#### RECORDED DATA:
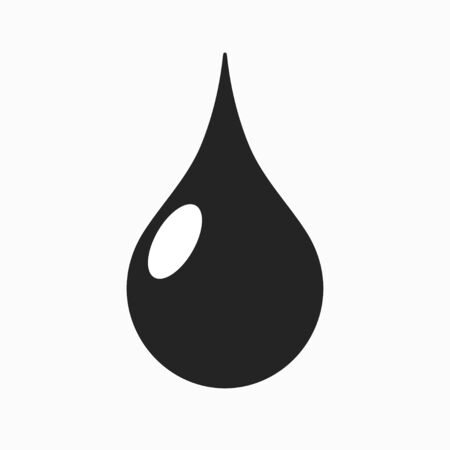 Water drop icon in flat styleのイラスト素材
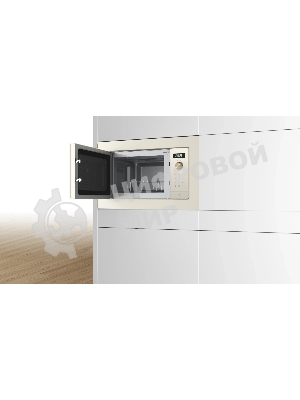 Встраиваемая микроволновая печь Bosch BEL653MP3 белый, 25 л, 800 Вт, переключатели - кнопки, поворотный механизм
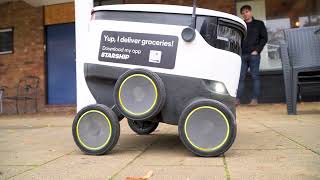 Delivery robots now available to Cambridge residents under new pilot scheme [upl. by Iain]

#### EXERCISE BRIEF:
Restate the whole listing word for word. Omit the pictures.

#### WRITTEN SOLUTION:
 Water drop icon in flat styleのイラスト素材
 Встраиваемая микроволновая печь Bosch BEL653MP3 белый, 25 л, 800 Вт, переключатели - кнопки, поворотный механизм
 Delivery robots now available to Cambridge residents under new pilot scheme [upl. by Iain]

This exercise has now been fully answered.